俺だけが知っている

湖城マコト

狙われた村

 高校からの帰り道。部活が長引いて帰りが遅くなっていた俺は、少しでも早く帰りたくて、普段は通らない林道沿いの道を自転車で進んでいた。

 草木を掻き分けるような音が林の方から聞こえ、俺は音のする方へと顔を向ける。

 林道の方で人影が動いている。その姿には見覚えがあり、近くの民家で一人暮らしをしているお婆さんであることが分かった。

 足腰は丈夫なお婆さんだったし、夜の散歩なのかなとその時は思ったけど、何故わざわざ林道の方へ行くのかという疑問が浮かんだ。

 ちょっとした好奇心から、俺はお婆さんの後を付けることにした。探偵ごっこのような気分だったのかもしれない。


 俺はお婆さんの後を追って林道を進んだ。この先には無人の古い神社がある。

 神社の境内に入って行くお婆さんの様子を、俺は林の影から覗く。

 古い神社だし、お婆さん達の世代にはこの時間帯にお参りに来ることに何かしらの意味があるのかもしれないと、そんな想像しながら俺は観察を続ける。

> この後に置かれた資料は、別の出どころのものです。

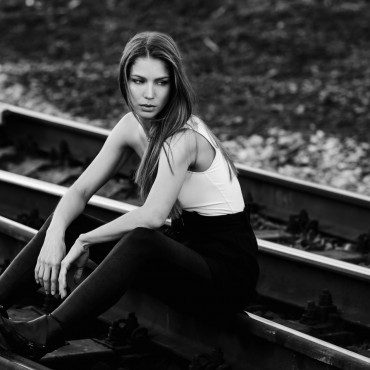 Фотография #699719, выездная фотосъемка, автор: Алексей Жарков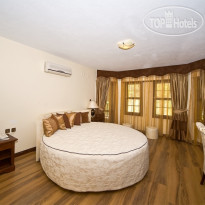 Yucelen Hotel Gokova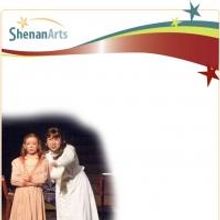 ShenanArts Offers The Final Productions Of Their Fall/Winter Semester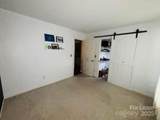 6626 Courtland Street - Photo 13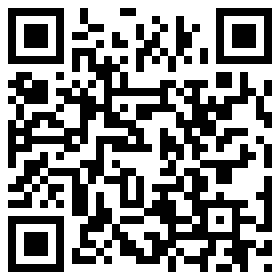 qrcode für Helukabel 16036-100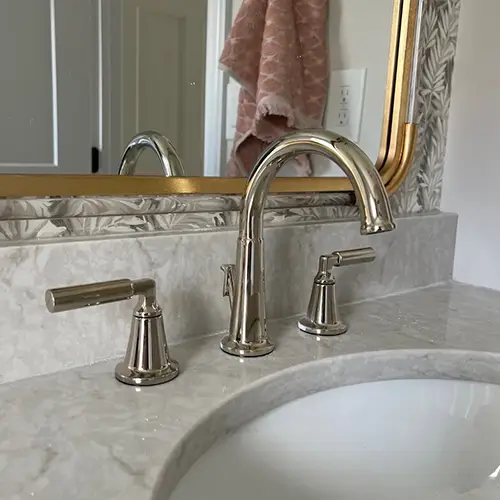 Townsend Bath Portfolio Image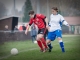 Fußball-Frauen – SpG SV Reichenbach : SV Eintracht Dobritz (4:0) am 17. November 2013, Fotos: Mario Pohl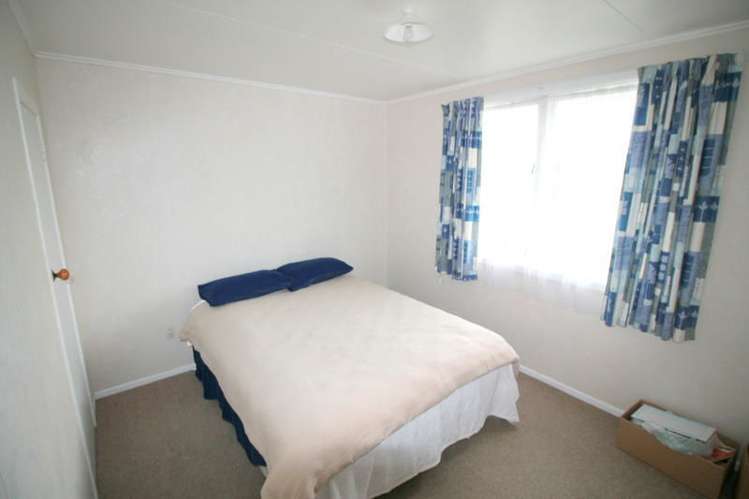 23 Ngatuku Place Tokoroa_9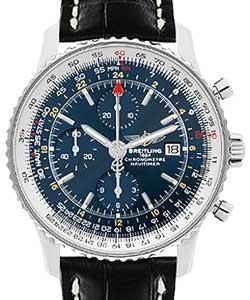 replica breitling navitimer world-chrono a2432212/c651 croco black tang watches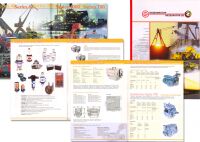 img198423.png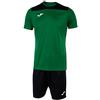 Joma Uomo Set corto - 8XS - 3XL - Phoenix II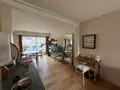 Appartement a vendre Dinard 35800 Ille-et-Vilaine 35 54 m2 3 pièces 496800 euros 35104-1875 007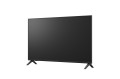 TV 43UA75003LA - 2810666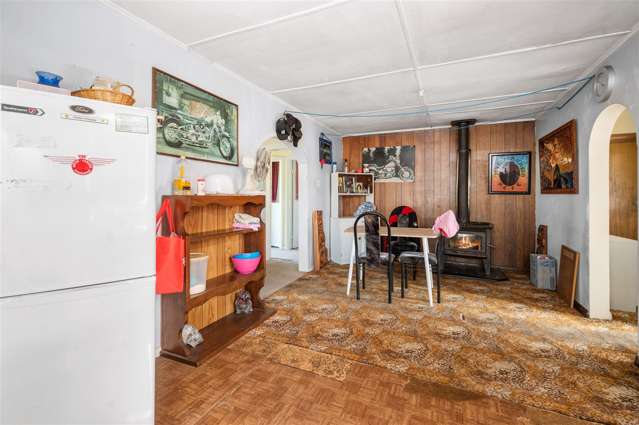 41 Porou Street Taumarunui_4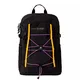 mochila-new-balance-bungee-NEGRO/AMARILLO/VIOLETA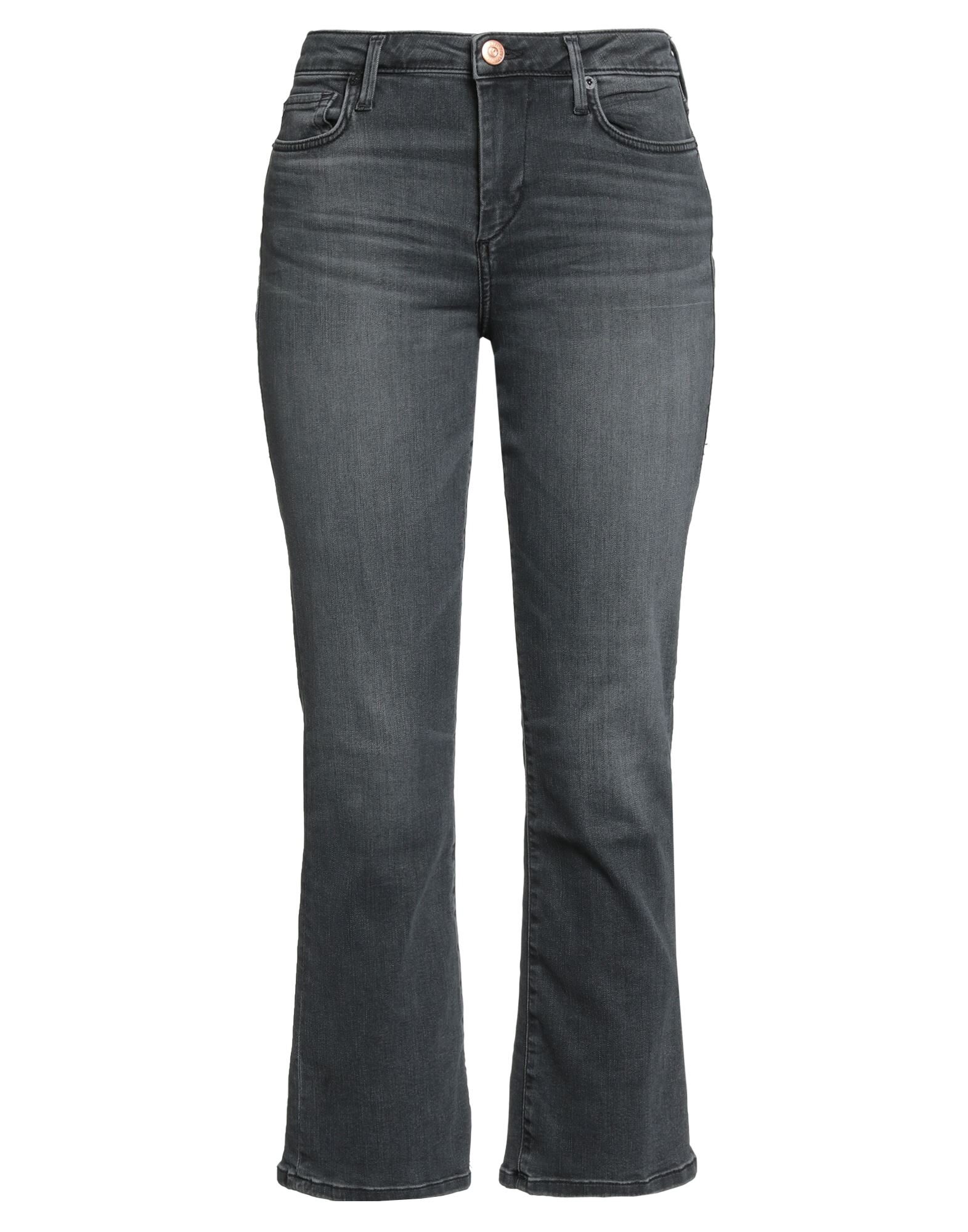 TRUE RELIGION - Джинсовые брюки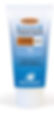 Schuessler Tissue Salts Silica Cleanser & Conditioner Cream 75g
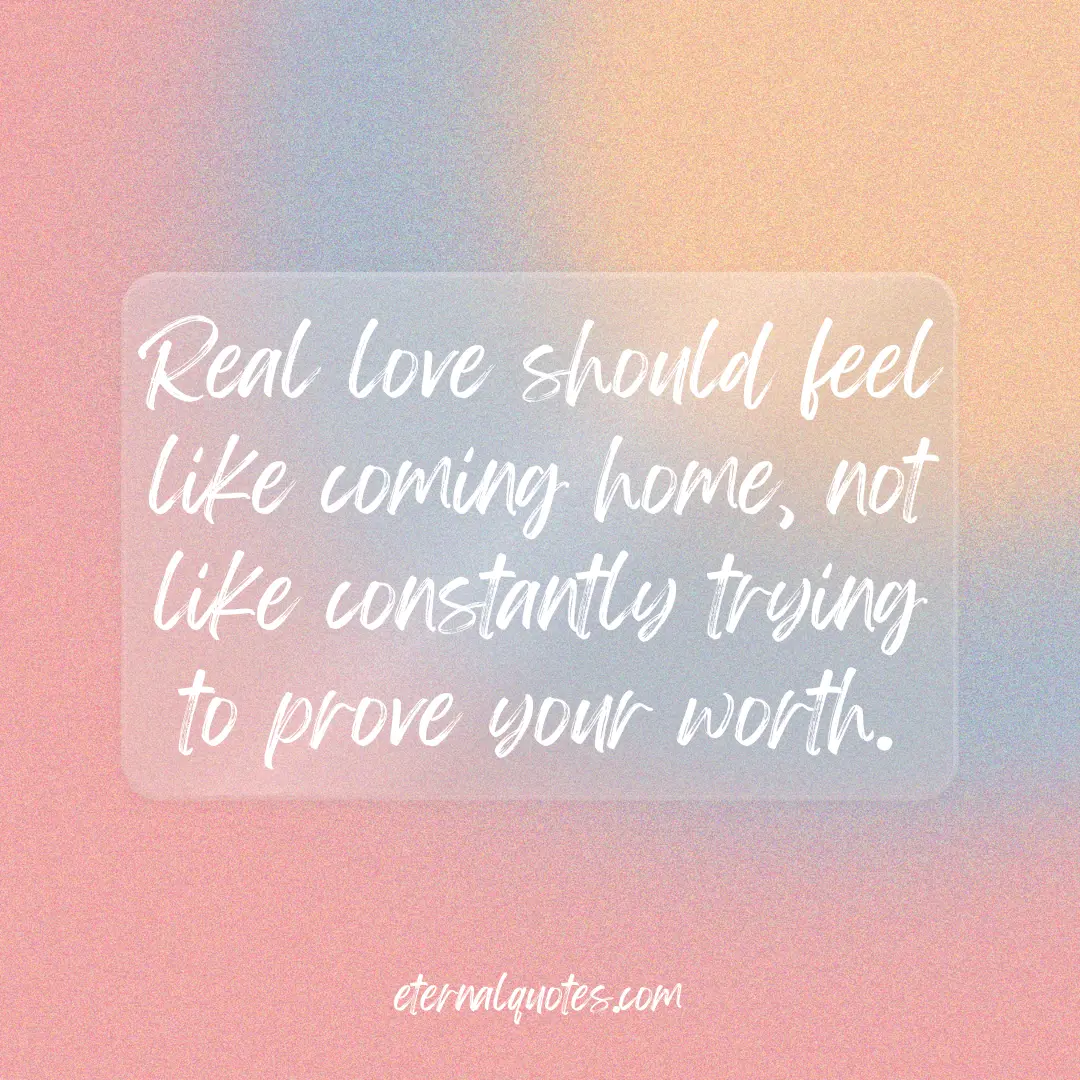 Quote Image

 すると、驚くことに他にも数人の村人がこの神社の境内に集まって来た。

 人数は10人。

 それほど大きくはない村だし、見覚えのある顔ばかりだ。


「ちょっと、お父さん。離してよ」


 その中に、隣町の高校に通っている女友達――有希ゆきの姿があった。他の村人たちは自らの意志でこの神社にやってきたようだが、彼女だけは父親に無理やり連れてこられたような様子だった。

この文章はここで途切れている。